Work required | The range starts at the line containing "Standard Family room" and ends at the last line of the records below. Reproduce those lines exactly.

Extracted records
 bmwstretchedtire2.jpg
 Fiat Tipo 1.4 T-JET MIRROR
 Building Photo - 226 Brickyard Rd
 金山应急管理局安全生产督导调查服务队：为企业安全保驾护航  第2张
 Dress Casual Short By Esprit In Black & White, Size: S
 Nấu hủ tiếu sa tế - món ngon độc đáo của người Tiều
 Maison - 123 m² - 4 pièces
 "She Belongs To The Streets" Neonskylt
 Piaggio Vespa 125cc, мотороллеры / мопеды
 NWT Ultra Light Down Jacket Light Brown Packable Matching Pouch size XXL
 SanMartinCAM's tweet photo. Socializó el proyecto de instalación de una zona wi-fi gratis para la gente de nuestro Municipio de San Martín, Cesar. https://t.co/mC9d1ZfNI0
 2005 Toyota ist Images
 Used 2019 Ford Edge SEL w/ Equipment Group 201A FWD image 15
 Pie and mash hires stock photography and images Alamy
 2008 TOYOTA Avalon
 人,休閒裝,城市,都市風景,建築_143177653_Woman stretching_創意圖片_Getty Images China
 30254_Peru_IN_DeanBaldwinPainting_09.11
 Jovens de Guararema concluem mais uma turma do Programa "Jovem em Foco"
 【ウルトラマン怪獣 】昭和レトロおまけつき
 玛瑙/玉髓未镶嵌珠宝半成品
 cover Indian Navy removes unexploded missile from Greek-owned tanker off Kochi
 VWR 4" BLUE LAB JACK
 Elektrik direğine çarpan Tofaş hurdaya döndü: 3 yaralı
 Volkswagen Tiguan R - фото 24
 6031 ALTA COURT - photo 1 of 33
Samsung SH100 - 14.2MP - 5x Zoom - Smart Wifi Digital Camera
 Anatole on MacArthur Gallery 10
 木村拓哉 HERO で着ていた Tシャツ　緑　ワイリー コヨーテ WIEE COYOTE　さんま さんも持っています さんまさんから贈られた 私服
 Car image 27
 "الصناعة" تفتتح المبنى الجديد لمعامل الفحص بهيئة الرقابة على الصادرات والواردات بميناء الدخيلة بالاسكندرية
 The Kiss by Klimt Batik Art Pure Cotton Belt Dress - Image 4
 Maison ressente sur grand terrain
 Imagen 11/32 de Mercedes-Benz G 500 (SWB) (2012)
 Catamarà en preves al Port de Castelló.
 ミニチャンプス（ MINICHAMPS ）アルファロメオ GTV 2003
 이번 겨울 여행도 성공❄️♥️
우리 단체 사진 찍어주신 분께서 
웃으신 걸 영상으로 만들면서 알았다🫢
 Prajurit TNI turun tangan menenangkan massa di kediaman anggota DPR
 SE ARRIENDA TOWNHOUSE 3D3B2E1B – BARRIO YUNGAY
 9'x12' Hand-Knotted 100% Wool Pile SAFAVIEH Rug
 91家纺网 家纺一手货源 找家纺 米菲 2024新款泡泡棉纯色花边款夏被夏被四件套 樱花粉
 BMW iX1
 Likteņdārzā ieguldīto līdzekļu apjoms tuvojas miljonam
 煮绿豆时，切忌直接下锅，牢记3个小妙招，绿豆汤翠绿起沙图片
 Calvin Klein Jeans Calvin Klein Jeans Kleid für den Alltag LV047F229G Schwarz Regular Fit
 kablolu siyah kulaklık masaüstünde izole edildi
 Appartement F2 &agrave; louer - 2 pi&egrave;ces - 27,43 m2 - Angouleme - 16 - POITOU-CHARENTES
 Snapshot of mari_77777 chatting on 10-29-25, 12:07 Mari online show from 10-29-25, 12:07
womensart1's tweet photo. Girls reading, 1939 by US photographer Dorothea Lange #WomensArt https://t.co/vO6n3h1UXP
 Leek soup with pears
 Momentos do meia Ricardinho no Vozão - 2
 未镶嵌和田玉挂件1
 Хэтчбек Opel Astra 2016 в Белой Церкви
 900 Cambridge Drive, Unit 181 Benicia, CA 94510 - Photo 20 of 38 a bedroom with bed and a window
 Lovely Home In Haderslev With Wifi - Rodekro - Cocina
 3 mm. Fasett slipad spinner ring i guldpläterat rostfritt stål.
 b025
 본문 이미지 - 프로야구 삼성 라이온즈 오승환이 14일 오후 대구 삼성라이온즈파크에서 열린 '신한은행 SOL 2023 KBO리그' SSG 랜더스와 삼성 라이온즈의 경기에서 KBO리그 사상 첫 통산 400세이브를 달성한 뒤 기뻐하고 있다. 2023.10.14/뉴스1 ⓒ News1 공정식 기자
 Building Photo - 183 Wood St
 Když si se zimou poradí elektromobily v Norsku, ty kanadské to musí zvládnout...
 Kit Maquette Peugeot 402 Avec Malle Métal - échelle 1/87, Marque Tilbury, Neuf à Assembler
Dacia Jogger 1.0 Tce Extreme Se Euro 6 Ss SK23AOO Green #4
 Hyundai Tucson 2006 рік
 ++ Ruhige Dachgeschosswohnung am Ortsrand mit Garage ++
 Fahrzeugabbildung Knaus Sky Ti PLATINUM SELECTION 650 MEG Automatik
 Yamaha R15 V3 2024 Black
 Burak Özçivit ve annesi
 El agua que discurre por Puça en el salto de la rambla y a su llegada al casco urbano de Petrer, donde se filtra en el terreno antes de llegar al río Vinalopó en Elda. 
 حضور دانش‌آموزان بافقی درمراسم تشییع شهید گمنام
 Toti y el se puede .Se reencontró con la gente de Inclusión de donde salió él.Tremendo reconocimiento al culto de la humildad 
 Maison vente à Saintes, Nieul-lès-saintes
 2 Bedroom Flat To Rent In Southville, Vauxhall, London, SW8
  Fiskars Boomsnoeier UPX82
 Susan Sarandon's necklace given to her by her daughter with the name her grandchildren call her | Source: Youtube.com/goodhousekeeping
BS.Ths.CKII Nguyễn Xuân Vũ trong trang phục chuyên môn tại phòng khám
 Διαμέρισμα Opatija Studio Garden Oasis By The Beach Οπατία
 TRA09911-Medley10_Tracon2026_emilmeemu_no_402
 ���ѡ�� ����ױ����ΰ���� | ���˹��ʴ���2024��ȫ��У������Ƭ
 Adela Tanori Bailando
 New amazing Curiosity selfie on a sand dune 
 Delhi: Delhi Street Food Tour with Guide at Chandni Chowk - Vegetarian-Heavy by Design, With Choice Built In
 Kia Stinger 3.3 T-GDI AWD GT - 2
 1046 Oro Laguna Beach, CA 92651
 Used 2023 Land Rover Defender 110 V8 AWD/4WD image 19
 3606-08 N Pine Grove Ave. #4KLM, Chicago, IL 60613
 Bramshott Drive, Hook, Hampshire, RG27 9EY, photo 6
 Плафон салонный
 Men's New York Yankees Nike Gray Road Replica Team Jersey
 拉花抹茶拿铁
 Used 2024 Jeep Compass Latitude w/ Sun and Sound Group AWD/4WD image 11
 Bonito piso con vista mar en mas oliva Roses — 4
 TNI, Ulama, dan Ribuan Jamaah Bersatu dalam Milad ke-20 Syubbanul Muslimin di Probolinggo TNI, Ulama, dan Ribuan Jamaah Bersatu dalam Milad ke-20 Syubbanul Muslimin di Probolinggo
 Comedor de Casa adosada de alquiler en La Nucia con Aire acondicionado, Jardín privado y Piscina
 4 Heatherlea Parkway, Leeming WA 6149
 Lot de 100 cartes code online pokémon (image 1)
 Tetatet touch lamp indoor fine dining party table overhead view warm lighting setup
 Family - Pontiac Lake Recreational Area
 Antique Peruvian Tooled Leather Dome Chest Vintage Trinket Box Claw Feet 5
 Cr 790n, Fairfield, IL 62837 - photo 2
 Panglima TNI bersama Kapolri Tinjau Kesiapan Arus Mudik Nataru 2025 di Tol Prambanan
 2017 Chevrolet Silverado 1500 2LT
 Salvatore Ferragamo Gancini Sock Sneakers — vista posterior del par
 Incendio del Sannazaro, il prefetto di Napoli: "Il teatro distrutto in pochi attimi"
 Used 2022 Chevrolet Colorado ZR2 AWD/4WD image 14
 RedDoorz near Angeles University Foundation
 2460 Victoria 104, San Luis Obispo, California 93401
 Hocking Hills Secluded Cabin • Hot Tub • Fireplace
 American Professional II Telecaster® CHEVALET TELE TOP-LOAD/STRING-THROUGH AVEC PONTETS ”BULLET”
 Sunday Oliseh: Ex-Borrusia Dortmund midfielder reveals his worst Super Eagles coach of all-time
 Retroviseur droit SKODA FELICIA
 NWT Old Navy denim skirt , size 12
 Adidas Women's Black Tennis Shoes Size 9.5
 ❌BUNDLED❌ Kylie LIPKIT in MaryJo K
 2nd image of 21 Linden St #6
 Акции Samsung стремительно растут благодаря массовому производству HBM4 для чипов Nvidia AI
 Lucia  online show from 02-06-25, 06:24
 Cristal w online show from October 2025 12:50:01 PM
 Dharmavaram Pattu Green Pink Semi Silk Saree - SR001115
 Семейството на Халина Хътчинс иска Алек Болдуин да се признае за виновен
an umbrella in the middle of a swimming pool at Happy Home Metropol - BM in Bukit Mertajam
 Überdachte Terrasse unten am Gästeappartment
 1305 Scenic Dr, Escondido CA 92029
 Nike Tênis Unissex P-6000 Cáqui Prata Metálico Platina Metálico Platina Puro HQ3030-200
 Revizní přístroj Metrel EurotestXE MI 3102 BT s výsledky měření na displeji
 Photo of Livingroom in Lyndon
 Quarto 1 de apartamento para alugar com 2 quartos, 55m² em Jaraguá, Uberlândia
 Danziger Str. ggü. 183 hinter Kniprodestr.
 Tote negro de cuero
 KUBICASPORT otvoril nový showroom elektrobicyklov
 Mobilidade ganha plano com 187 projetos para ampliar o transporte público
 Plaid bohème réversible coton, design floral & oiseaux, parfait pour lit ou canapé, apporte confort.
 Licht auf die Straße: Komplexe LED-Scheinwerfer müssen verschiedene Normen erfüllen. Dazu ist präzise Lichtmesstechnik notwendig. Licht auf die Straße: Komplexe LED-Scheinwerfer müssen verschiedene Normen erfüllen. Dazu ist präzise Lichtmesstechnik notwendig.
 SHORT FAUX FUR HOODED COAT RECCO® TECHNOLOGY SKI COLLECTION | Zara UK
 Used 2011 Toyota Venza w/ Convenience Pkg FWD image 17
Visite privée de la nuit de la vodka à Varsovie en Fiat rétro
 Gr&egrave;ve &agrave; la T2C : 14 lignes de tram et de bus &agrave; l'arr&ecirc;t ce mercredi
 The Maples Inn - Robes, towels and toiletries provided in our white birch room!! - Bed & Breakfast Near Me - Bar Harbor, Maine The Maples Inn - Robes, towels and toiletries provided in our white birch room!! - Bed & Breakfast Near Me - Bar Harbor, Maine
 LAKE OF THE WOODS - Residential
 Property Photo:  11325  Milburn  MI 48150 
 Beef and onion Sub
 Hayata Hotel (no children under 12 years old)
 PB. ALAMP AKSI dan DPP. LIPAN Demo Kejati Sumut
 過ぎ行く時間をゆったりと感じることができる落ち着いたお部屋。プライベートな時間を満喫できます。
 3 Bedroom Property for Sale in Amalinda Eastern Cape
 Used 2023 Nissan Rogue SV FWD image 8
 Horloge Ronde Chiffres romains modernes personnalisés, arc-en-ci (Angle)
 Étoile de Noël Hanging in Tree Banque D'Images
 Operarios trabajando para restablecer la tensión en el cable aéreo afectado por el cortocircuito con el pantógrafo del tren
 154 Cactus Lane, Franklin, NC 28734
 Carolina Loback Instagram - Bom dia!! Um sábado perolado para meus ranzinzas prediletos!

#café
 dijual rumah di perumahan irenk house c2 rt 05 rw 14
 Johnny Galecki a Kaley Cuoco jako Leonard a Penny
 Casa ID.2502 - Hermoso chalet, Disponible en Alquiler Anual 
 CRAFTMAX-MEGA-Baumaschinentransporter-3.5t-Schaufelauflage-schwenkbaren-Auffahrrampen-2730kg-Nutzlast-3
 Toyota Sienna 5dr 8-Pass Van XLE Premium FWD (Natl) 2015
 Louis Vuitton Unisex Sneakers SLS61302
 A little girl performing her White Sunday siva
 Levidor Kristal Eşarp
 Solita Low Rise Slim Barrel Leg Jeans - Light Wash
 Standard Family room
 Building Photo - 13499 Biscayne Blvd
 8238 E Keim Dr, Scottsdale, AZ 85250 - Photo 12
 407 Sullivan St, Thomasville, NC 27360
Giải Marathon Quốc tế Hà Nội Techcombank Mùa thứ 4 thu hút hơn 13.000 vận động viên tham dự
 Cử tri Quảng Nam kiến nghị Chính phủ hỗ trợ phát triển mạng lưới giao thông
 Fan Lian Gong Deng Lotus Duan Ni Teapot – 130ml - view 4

Reply |
 Standard Family room
 Building Photo - 13499 Biscayne Blvd
 8238 E Keim Dr, Scottsdale, AZ 85250 - Photo 12
 407 Sullivan St, Thomasville, NC 27360
Giải Marathon Quốc tế Hà Nội Techcombank Mùa thứ 4 thu hút hơn 13.000 vận động viên tham dự
 Cử tri Quảng Nam kiến nghị Chính phủ hỗ trợ phát triển mạng lưới giao thông
 Fan Lian Gong Deng Lotus Duan Ni Teapot – 130ml - view 4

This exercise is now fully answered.